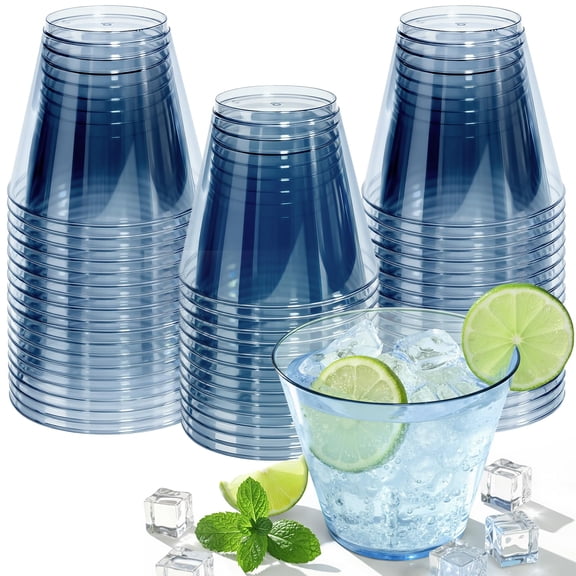 9 oz Clear Plastic Cups Blue Plastic Disposable Cups for Cocktail 50 Pack Fancy Cocktail Cup for Party Stemless Wine Glasses for Party Wedding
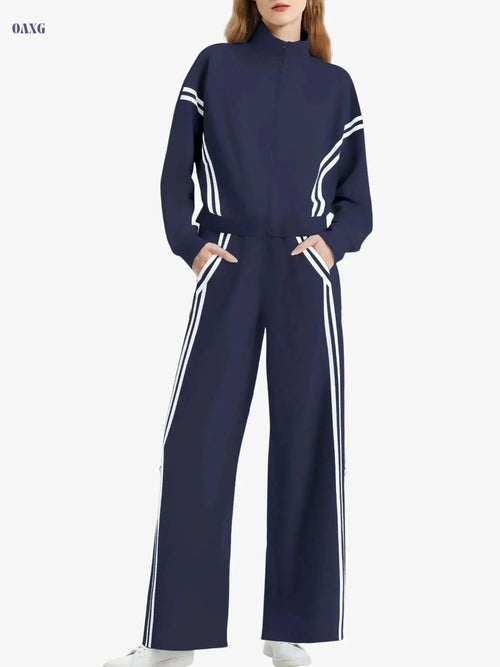 CASLY Women's All-Season Sporty Casual Two-Piece Set - Zip Up & Joggers   OAXG 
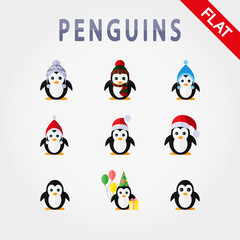 Penguins in different hats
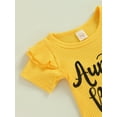 thumbnail image 6 of Newborn Baby Girl Auntie Outfits Auntie's Bestie Short Sleeve Ribbed Romper Floral Shorts Clothes with Headband, 6 of 8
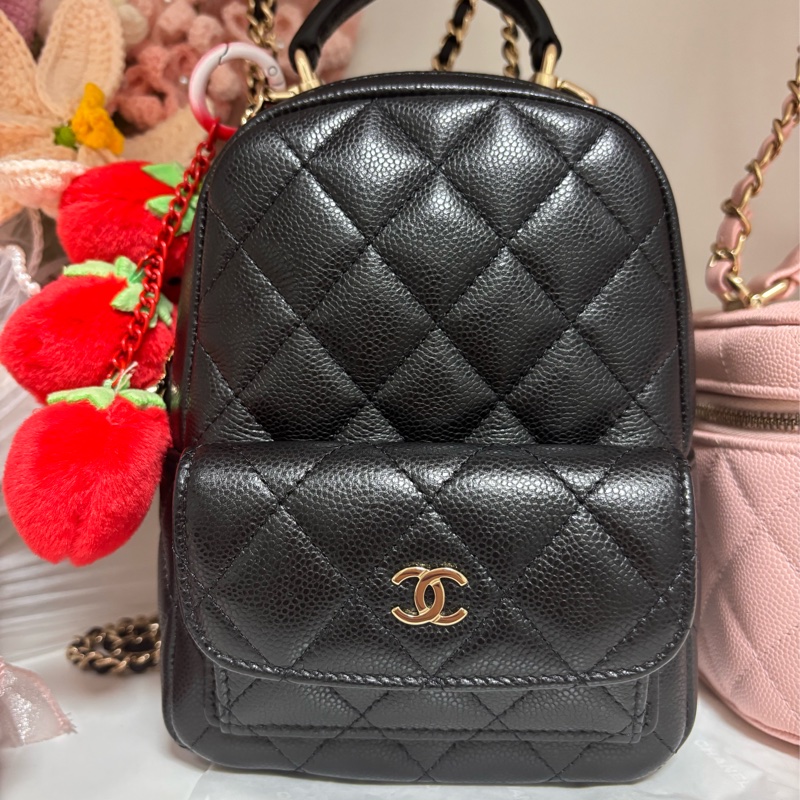 爆款香奈兒 Chanel 小書包 後背包 手提包 荔枝黑淡金釦-2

__Assignment__. Take the lines from the one holding "Penguins in different hats" through the final line of the listing above and copy them exactly, both ends included, with no pictures.

__Task output__.
 Penguins in different hats
 thumbnail image 6 of Newborn Baby Girl Auntie Outfits Auntie's Bestie Short Sleeve Ribbed Romper Floral Shorts Clothes with Headband, 6 of 8
 爆款香奈兒 Chanel 小書包 後背包 手提包 荔枝黑淡金釦-2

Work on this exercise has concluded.